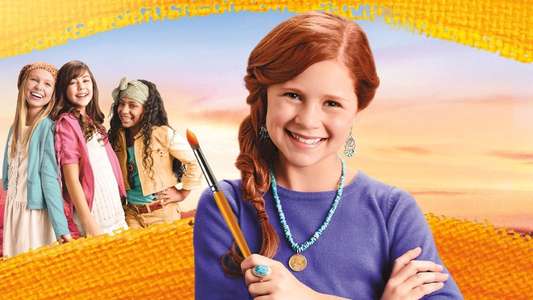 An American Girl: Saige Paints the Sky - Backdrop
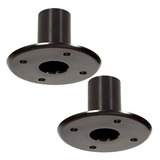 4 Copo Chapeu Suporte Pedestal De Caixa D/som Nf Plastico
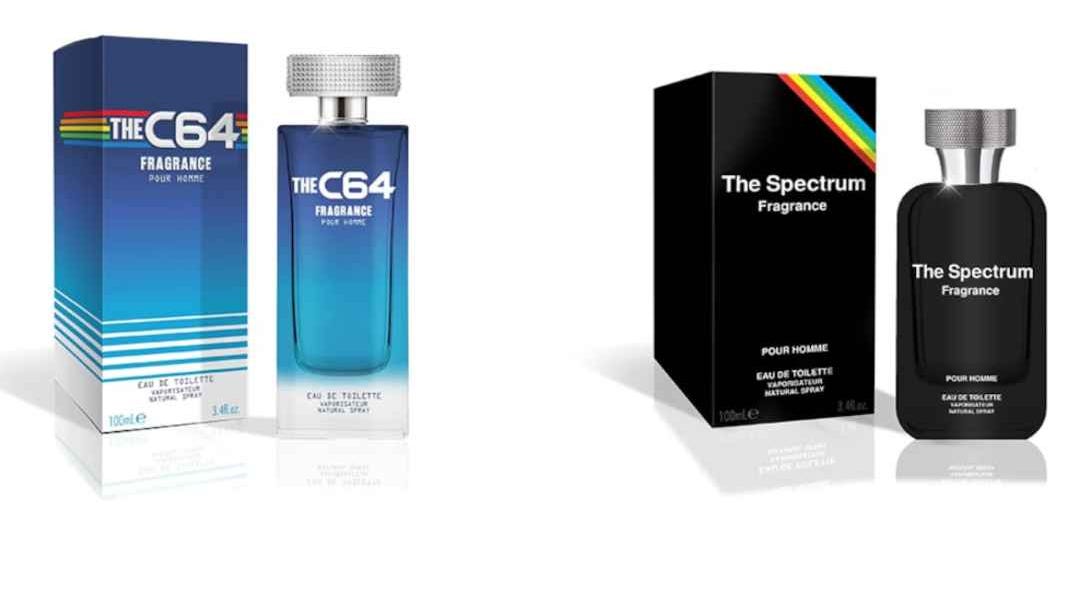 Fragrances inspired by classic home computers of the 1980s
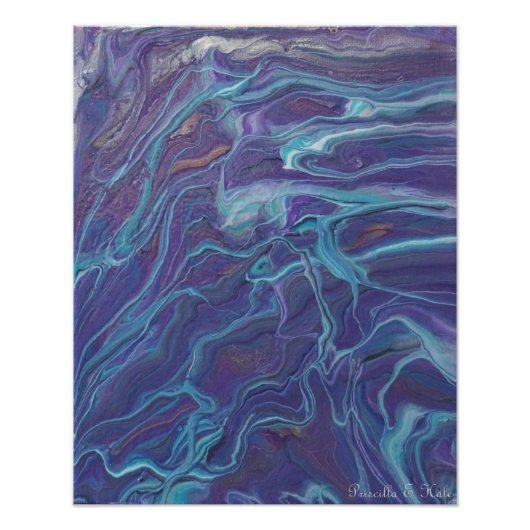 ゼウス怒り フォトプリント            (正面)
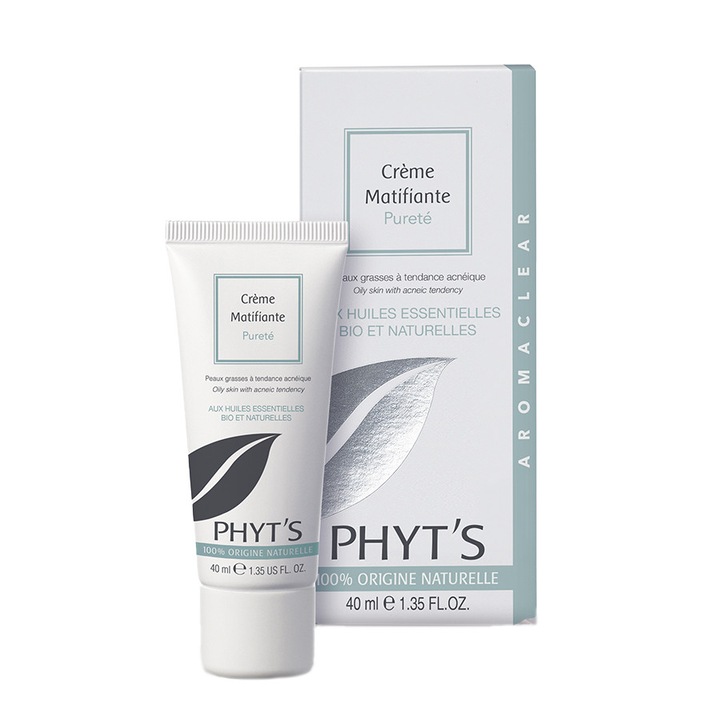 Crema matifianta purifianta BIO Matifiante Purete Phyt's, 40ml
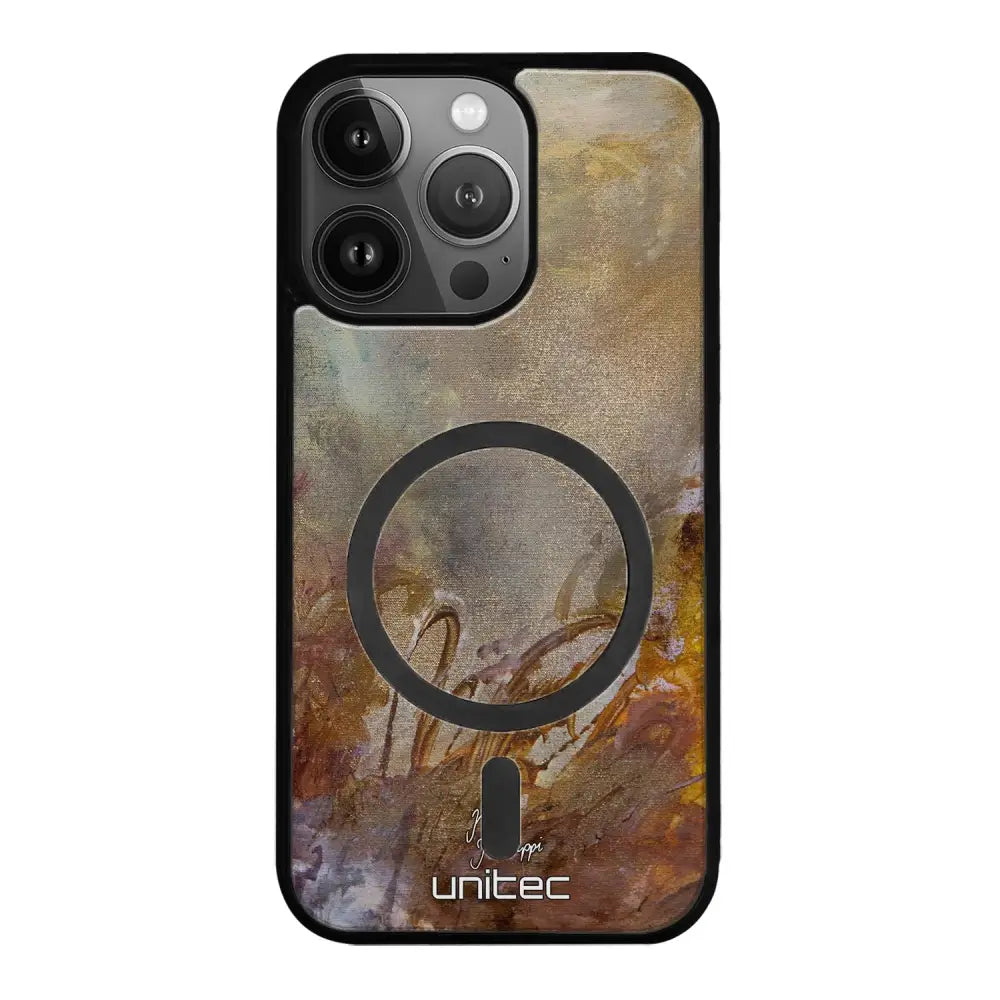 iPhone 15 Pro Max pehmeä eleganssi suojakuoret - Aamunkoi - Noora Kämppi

** Task goal **
All the records need to be printed again exactly as written, though without their pictures.

** Reply to the exercise **
 An American Girl: Saige Paints the Sky - Backdrop
 4 Copo Chapeu Suporte Pedestal De Caixa D/som Nf Plastico
 Fragrances inspired by classic home computers of the 1980s
 ゼウス怒り フォトプリント            (正面)
 Crema matifianta purifianta BIO Matifiante Purete Phyt's, 40ml
 iPhone 15 Pro Max pehmeä eleganssi suojakuoret - Aamunkoi - Noora Kämppi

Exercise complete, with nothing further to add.